§ **Task details**
The answer is the line with "Housse de selle" and every line after it to the end of the listing, retyped exactly. Pictures do not belong in it.

:::

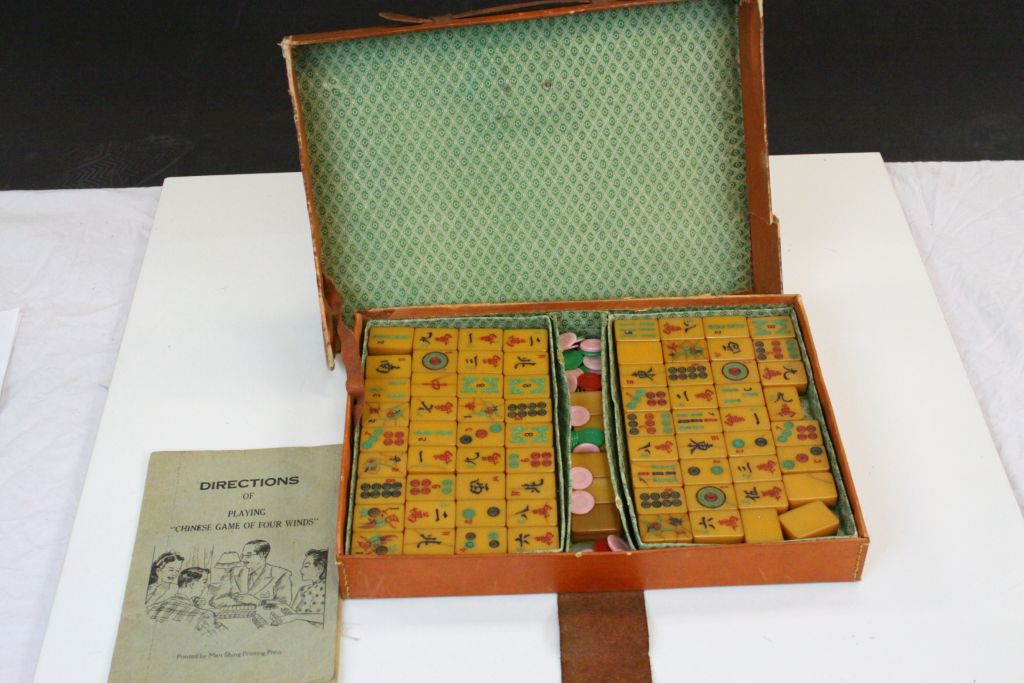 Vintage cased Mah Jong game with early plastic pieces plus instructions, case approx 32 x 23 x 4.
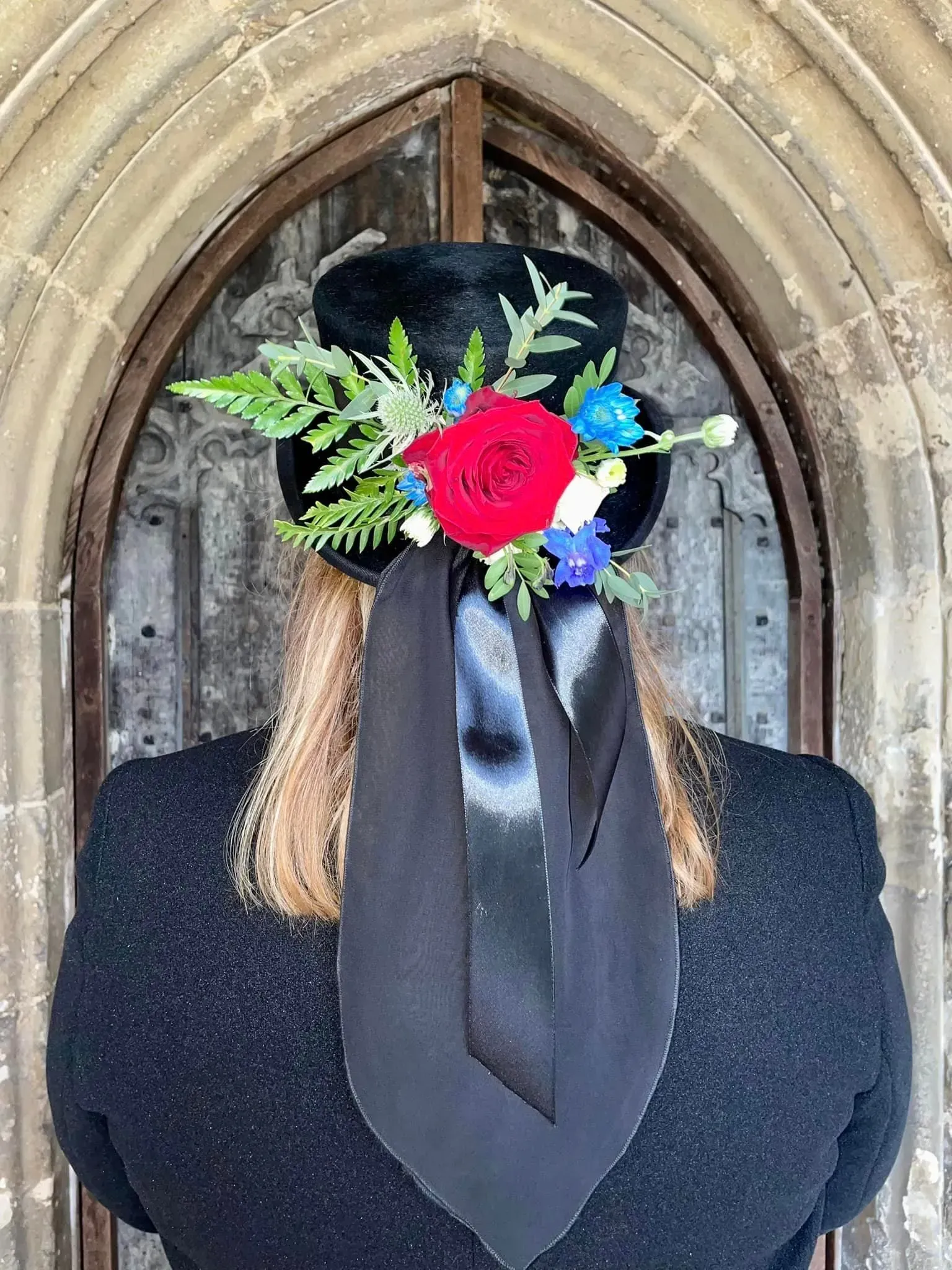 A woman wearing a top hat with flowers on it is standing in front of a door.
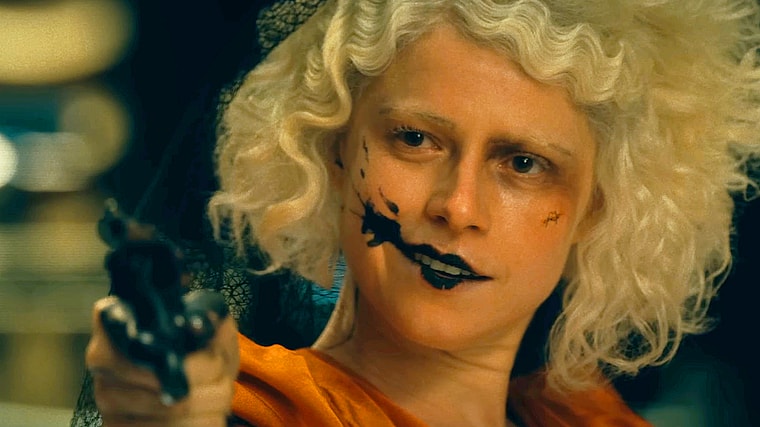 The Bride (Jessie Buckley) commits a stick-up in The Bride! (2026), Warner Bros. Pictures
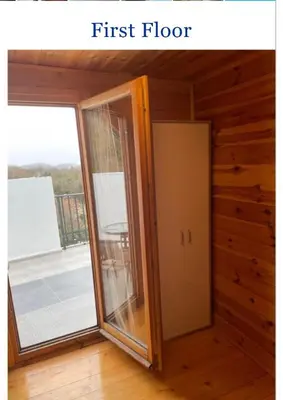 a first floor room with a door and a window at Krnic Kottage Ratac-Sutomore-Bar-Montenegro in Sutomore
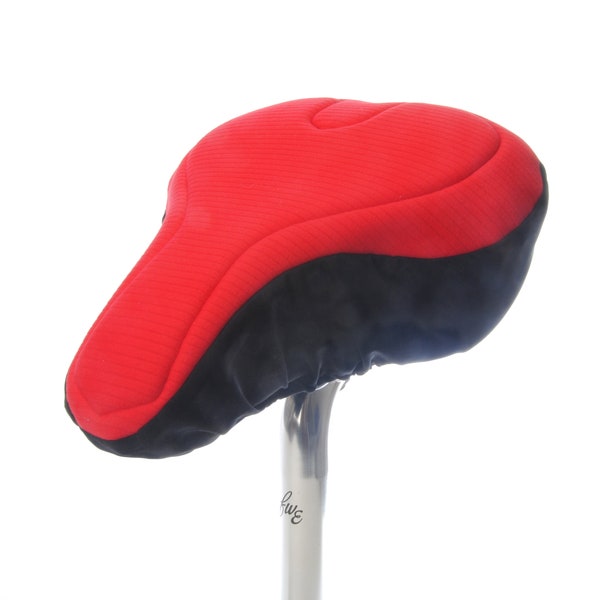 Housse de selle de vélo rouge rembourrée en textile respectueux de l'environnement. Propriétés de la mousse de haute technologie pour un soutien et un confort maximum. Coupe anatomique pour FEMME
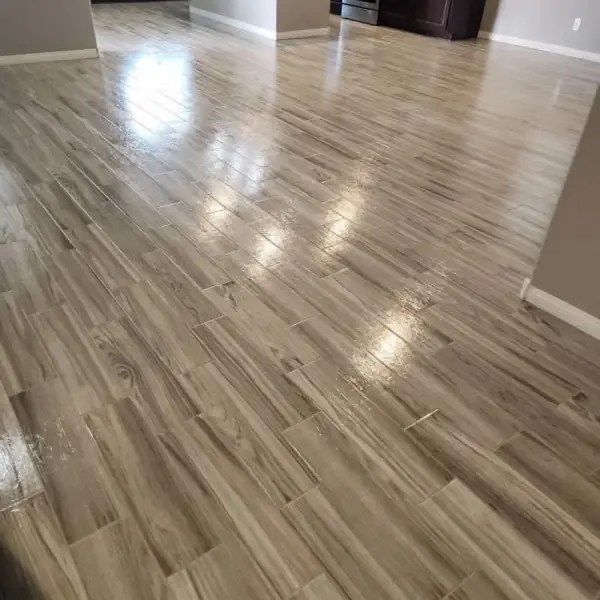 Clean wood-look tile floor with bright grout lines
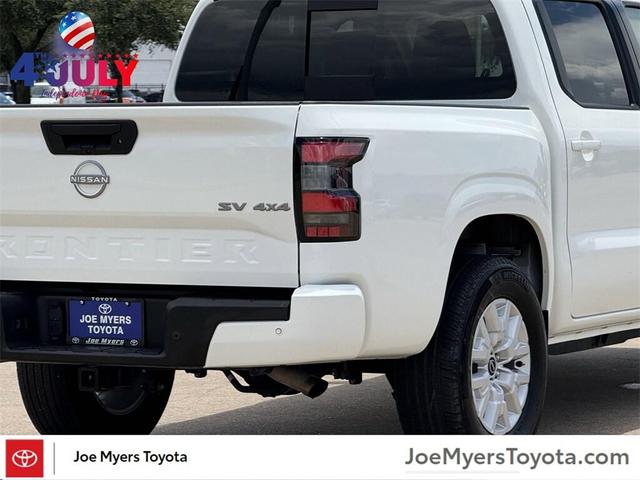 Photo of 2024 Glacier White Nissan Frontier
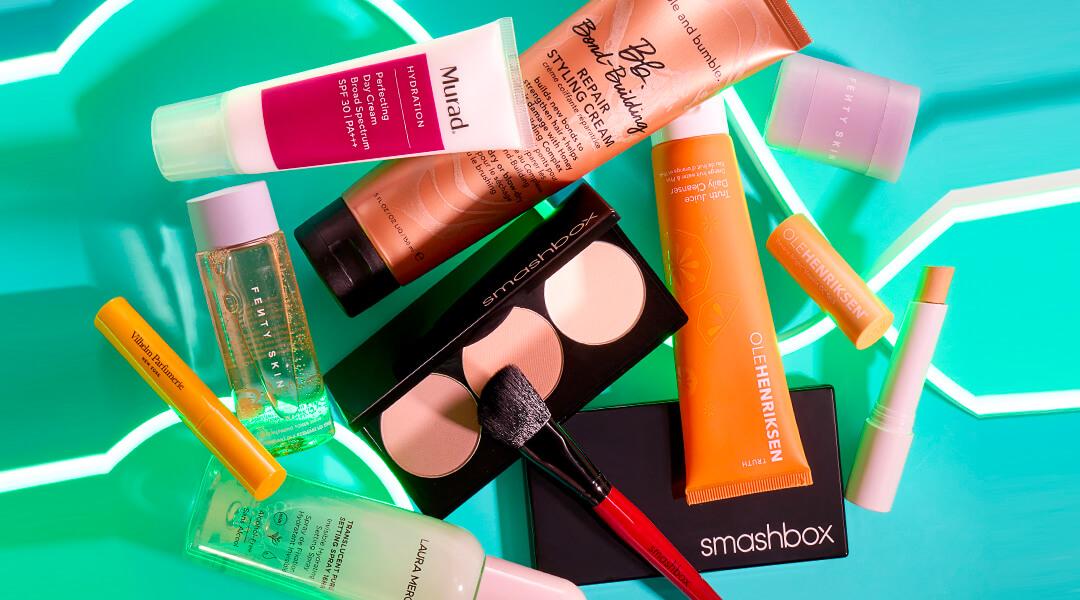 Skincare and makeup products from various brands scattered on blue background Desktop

:::

§ **Exercise result**
 Housse de selle de vélo rouge rembourrée en textile respectueux de l'environnement. Propriétés de la mousse de haute technologie pour un soutien et un confort maximum. Coupe anatomique pour FEMME
 Clean wood-look tile floor with bright grout lines
 Photo of 2024 Glacier White Nissan Frontier
 Skincare and makeup products from various brands scattered on blue background Desktop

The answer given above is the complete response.